Bununla birlikte ülkenin entelijansiyasında da bu durum yaşanıyor. Tuhaftır ki, bu sıkışıp kalmışlıktan en uzakta durması gereken kişiler, bu sıkışıp kalmışlığın en vahim halini yaşıyorlar. Sözgelimi, edebiyatçılar, dünya yüzeyinde başka hiçbir edebiyat geleneği yokmuş gibi, sadece ve sadece Türk edebiyatından dem vurup, onun sorunlarını irdelemeye çalışıyorlar. Doğrudan doğruya, edebiyatın sorunlarıyla hiç ilgilenmeden, boşlukta devasa bir adım atarak Türk edebiyatının sorunlarından söz etmeye başlayıveriyorlar.
Ve başka başka alanlarda pek çok örnek sıralanabilir daha…
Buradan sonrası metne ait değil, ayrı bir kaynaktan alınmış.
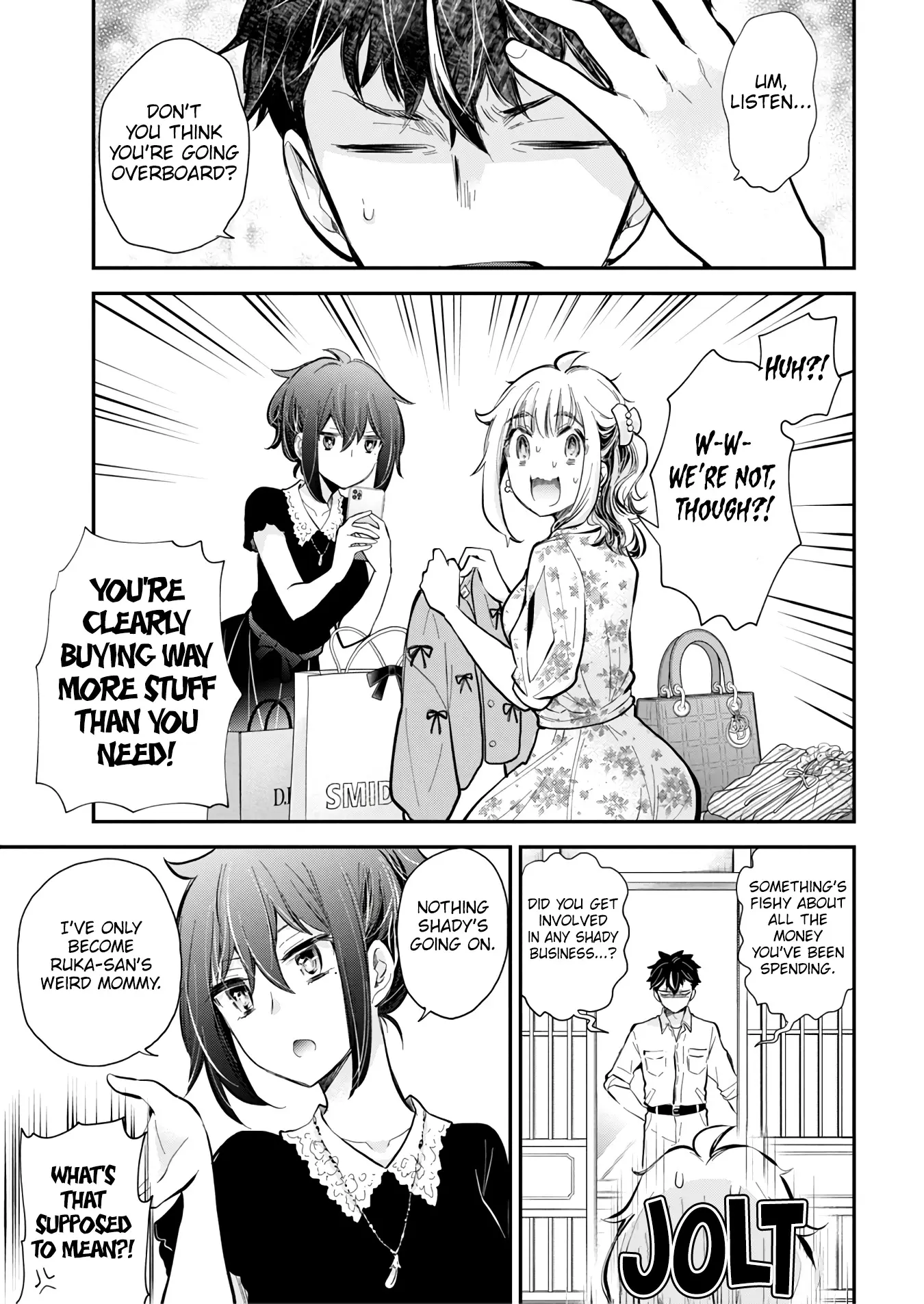 Henjyo - Hen Na Jyoshi Kousei Amaguri Senko - Vol.19 Chapter 125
Peki, nasıl oluyor da bu algıyla yaşanıp gidilebiliyor? Kuşkusuz ki, bu algının kökeninde açık denizde boğulmaktan çekinen insanın yaşadığı korkuya benzer bir durum söz konusu. Darlık, cesaret duygusundan yoksun insanlar için daima bir güvenlik duvarı olarak iş görür çünkü. Ne de olsa kendini belirli sınırlamaların ötesine atan insanın karşısına baş edilmesi çok güç bir genişlik çıkacaktır. Sözgelimi, bir ailenin sorunlarıyla içi içe yaşamakla bir dünyanın sorunlarıyla iç içe yaşamak arasında devasa bir hacim farkı söz konusudur. Edebiyatın sorunlarını çözmek yerine, Türk edebiyatının sorunlarını çözmeye yeltenmek arasındaki hacim farkı gibi. Bununla birlikte, kaba bir gözle bakıldığında, yeğlenilmesi gereken, dertsiz tasasız bir tutum olarak da görülebilir bu durum. Ve böyle bir algının insanı çeşitli sorunlardan uzak tutacağı da sanılabilir. Gelgelelim, dünyanın ekolojik dengesinin bozulması üzerine kafa yormak yerine, ailesinin sorunlarıyla meşgul olan birinin, olası bir sel felaketinin kendisini bulmayacağını sanması aptalca olur. Dahası, daima yaşadığı evreni genişleten insanların yaşama alanlarında da bir genişleme söz konusu olacağı, yaşadığı evreni daraltan insanların ise giderek yaşama alanlarının daralacağı oldukça basit ve kesin bir mantık yasasıdır.
Bu yazı ilk kez 9 Kasım 2009 tarihli Başkent Gazetesinde yayımlanmıştır.